A ciência sempre foi um campo marcado pela presença majoritária de homens, mas o cenário mudou com o passar dos anos. No Brasil, a participação feminina na produção científica cresceu de 38% para 49% entre 2002 e 2022, segundo o relatório da Elsevier-Bori. No entanto, ainda há desafios significativos, especialmente nas áreas de STEM (Ciência, Tecnologia, Engenharia e Matemática). Em campos como matemática (19%), ciência da computação (21%) e engenharia (24%), as mulheres continuam sub-representadas.
Diante dessa realidade, projetos como o Metis (Mulheres de Exatas em Ciber Segurança) surgem para mudar esse cenário. Coordenado pela cientista da computação Michele Nogueira, Ph.D. pela Universidade de Sorbonne e professora da Universidade Federal de Minas Gerais (UFMG), a iniciativa busca incentivar a presença feminina na cibersegurança, um setor essencial no mundo digital e dominado por homens.

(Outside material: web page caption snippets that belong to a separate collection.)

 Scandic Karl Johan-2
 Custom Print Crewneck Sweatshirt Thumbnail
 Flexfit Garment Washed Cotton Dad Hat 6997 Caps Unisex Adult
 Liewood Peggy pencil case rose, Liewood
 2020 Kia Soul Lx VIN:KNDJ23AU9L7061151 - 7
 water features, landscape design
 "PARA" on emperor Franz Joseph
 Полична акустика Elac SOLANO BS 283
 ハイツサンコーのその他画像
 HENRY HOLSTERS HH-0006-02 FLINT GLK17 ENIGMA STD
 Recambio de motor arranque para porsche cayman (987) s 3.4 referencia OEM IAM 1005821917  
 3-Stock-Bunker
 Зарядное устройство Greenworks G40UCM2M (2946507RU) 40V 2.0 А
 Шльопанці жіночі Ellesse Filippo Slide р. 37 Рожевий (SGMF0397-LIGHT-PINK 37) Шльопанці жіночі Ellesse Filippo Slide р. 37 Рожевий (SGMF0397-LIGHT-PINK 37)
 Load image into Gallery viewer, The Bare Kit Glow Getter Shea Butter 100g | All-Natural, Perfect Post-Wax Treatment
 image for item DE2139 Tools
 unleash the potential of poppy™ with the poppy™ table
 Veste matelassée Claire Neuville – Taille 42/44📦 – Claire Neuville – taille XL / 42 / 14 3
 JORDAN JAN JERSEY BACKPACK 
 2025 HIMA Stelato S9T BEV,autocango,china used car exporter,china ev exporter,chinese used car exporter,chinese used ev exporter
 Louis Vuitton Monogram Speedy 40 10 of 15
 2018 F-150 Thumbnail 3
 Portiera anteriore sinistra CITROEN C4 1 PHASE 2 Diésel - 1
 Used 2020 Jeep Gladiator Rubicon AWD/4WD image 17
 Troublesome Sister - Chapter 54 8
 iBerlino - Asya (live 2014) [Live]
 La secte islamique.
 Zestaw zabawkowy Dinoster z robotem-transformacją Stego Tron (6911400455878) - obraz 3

“Métis é a Deusa grega da proteção. As mulheres têm preocupação intrínseca com proteção; por isso, trazem perspectivas diferenciadas e necessárias para construção de soluções de cibersegurança”, explica a cientista da computação.
(Foto: Cientista da computação Michele Nogueira)
Michele Nogueira atua há quase 15 anos como professora na área de ciência da computação e relata que a predominância masculina sempre foi uma constante. Desde a graduação, passando pelo doutorado e chegando à docência, a presença feminina nas salas de aula e nas pesquisas é reduzida. "Às vezes entramos em uma reunião com 45 homens e apenas uma ou duas mulheres. Isso pode ser muito intimidador para as estudantes, levando à desistência antes mesmo de tentarem trilhar essa carreira", afirma.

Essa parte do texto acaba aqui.